§ **MATERIAL FOR THIS EXERCISE**
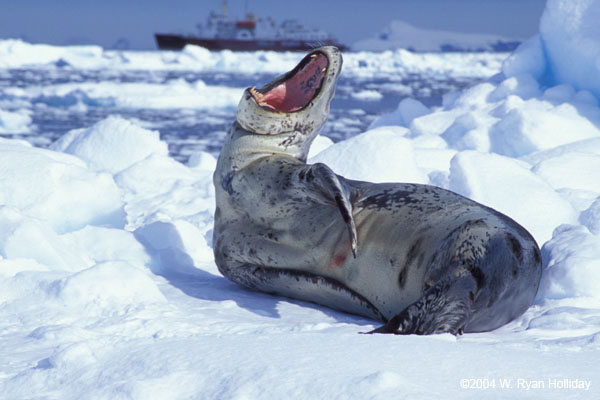 Leopard Seal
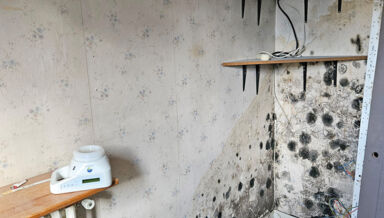 DOSSIER-qualite_air_153_moisissures papiers peints Medieco DOSSIER-qualite_air_153_moisissures papiers peints Medieco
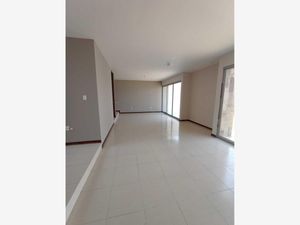 Casa en Renta en Villa Jardín Celaya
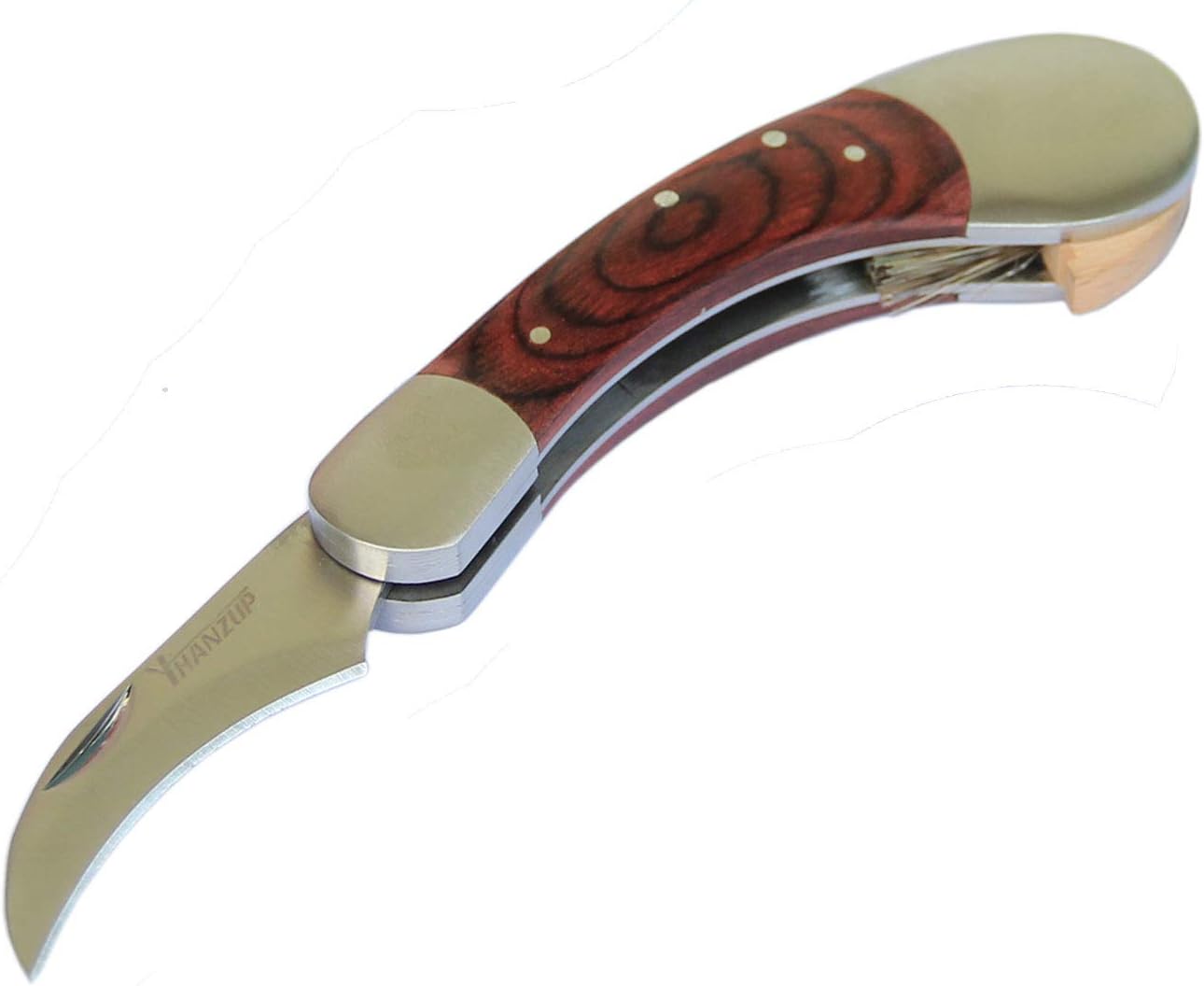 HANZIUP Folding Mushroom Knife with Neoprene Pouch Solid Wood Handle and Foldable Cleaning Brush : Sports & Outdoors
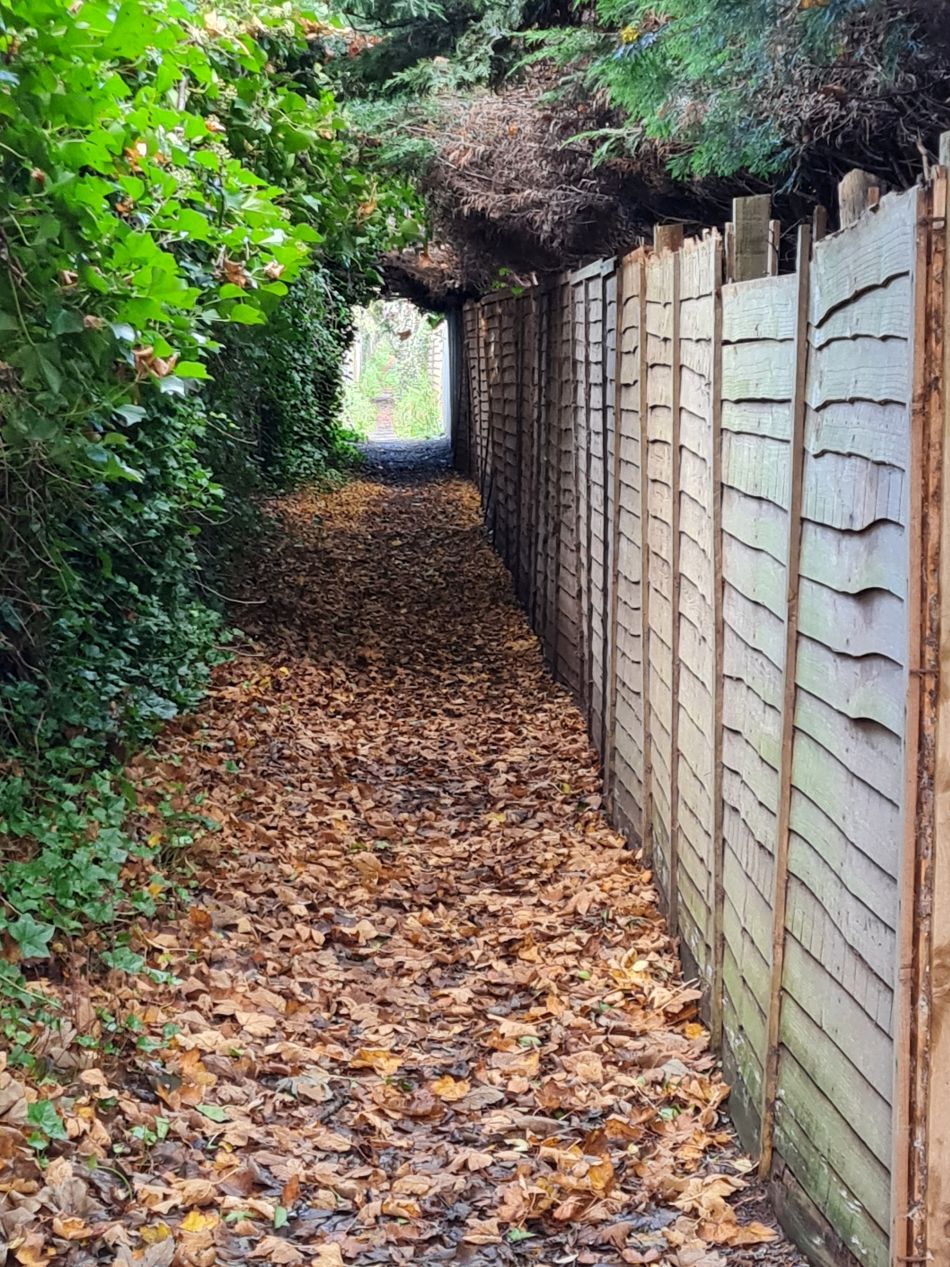 2023-11-13 20 Pakefield coast and Inland.jpg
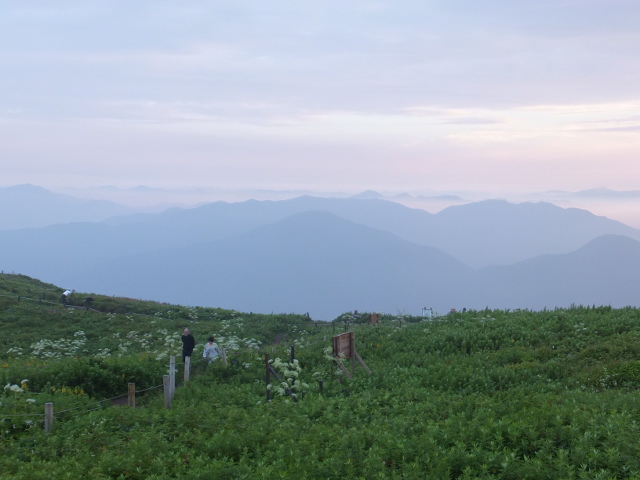 早朝の伊吹山頂お花畑　～７月_a0271502_11472236.jpg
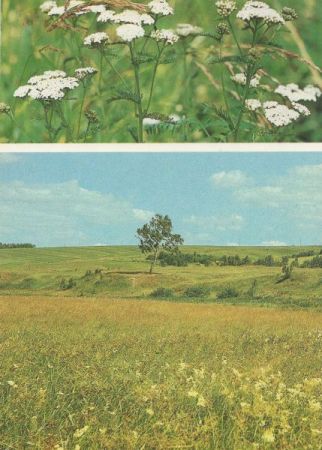 Wiese mit Blühpflanzen Wiese mit Blühpflanzen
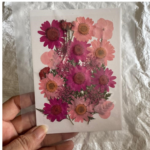 LG134 Dry Pressed Flower mix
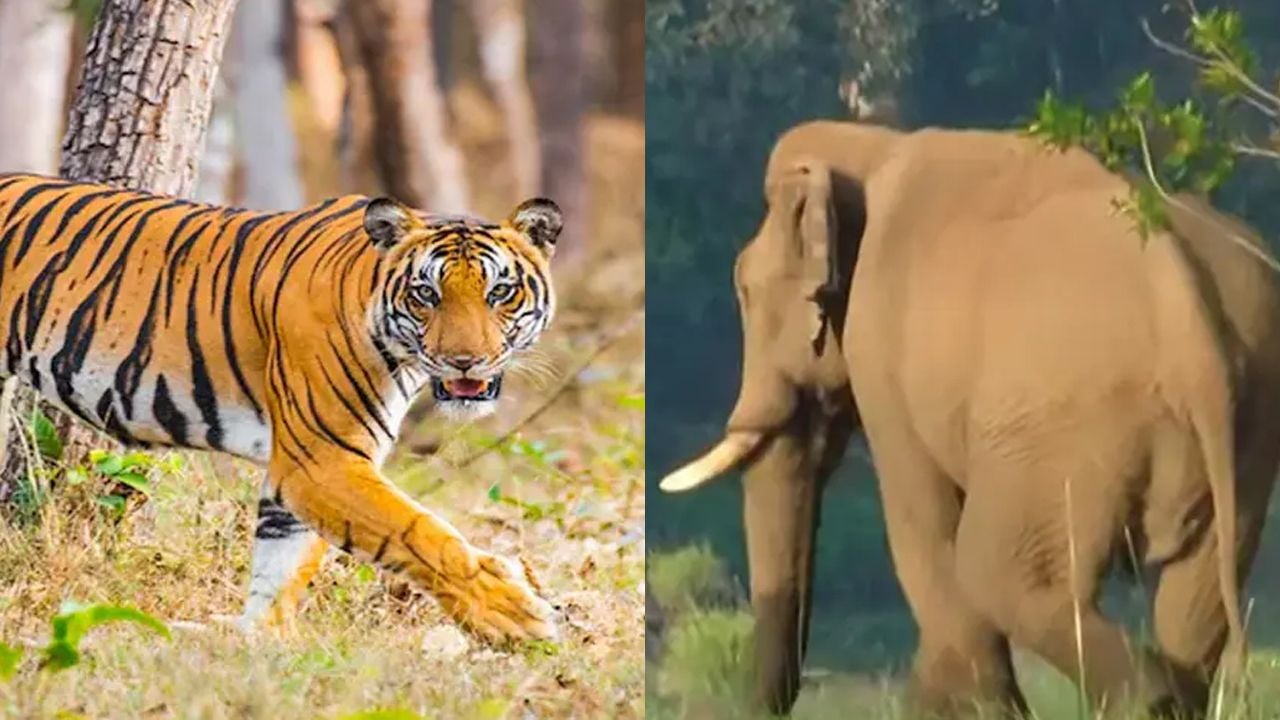 Wild animal attack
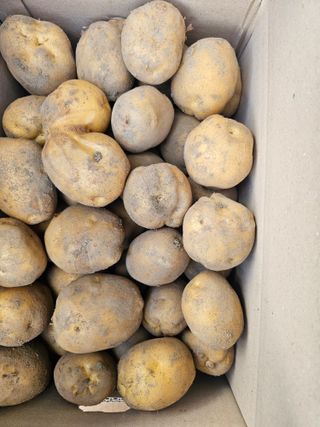 백용기님의 자유주제 · 자유게시판 작성글 사진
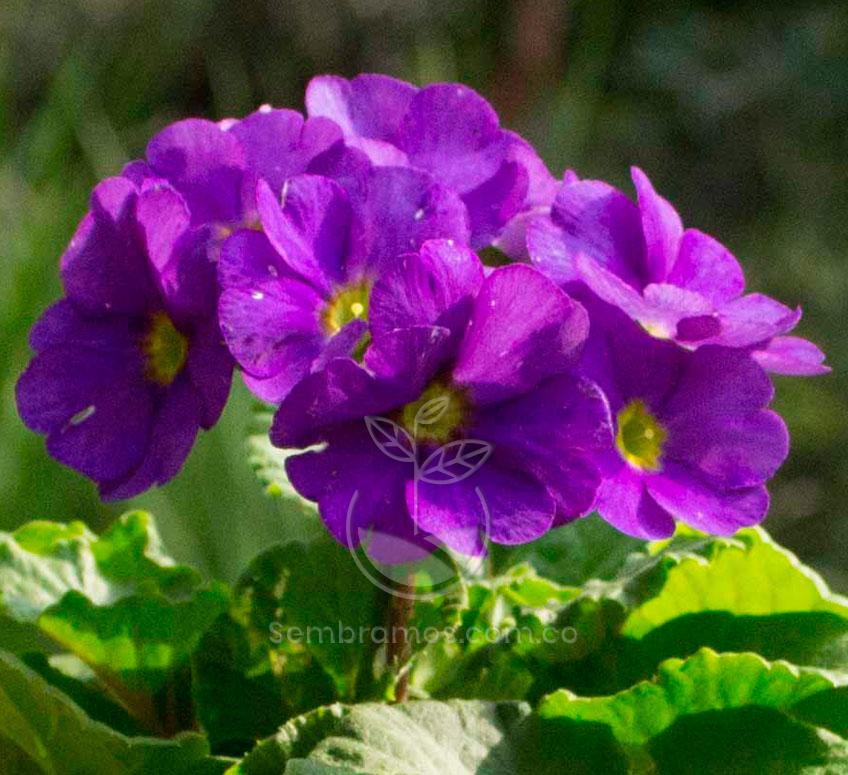 Especie de Flor Primavera Morada | Primula Vulgaris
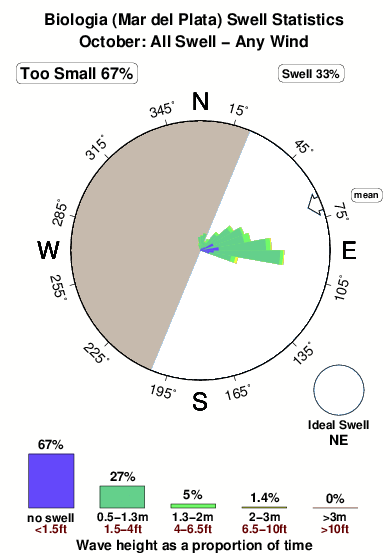 Biologia.surf.statistics.october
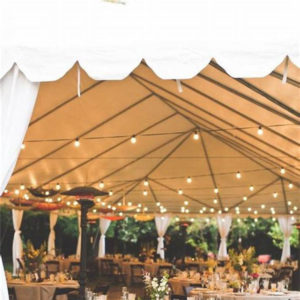 Luxury Color Elegant Wedding Indoor Tent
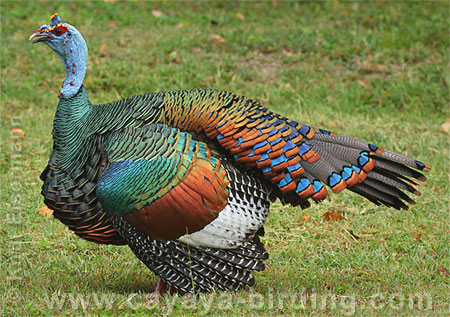 Ocellated Turkey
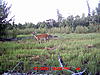 a doe in front of my box stand-mdgc0070.jpg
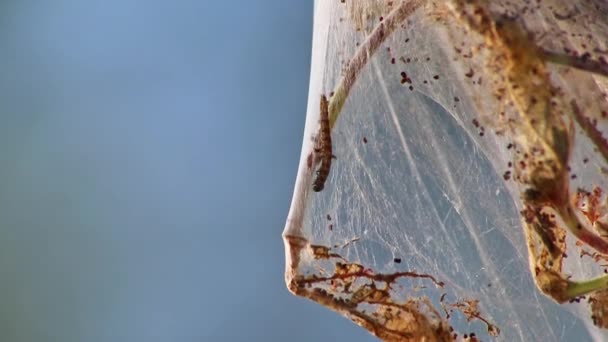 Många Snurrande Fjärilslarver Som Maskar Silkeslena Kokonger Angriper Träd Och — Stockvideo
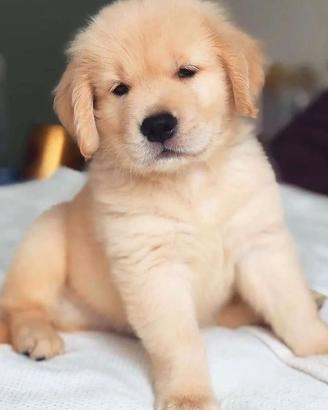 Cuccioli golden retriever
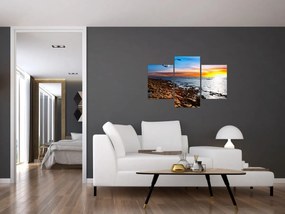 Obraz - Čajka letiaca nad pobrežím (90x60 cm)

§ **HOW TO COMPLETE THIS TASK**
Write out exactly the opening lines of the data, stopping after the line that holds "백용기님의 자유주제 · 자유게시판 작성글 사진". Exclude pictures.

§ **RESULT FOR THIS TASK**
 Leopard Seal
 DOSSIER-qualite_air_153_moisissures papiers peints Medieco DOSSIER-qualite_air_153_moisissures papiers peints Medieco
 Casa en Renta en Villa Jardín Celaya
 HANZIUP Folding Mushroom Knife with Neoprene Pouch Solid Wood Handle and Foldable Cleaning Brush : Sports & Outdoors
 2023-11-13 20 Pakefield coast and Inland.jpg
 早朝の伊吹山頂お花畑　～７月_a0271502_11472236.jpg
 Wiese mit Blühpflanzen Wiese mit Blühpflanzen
 LG134 Dry Pressed Flower mix
 Wild animal attack
 백용기님의 자유주제 · 자유게시판 작성글 사진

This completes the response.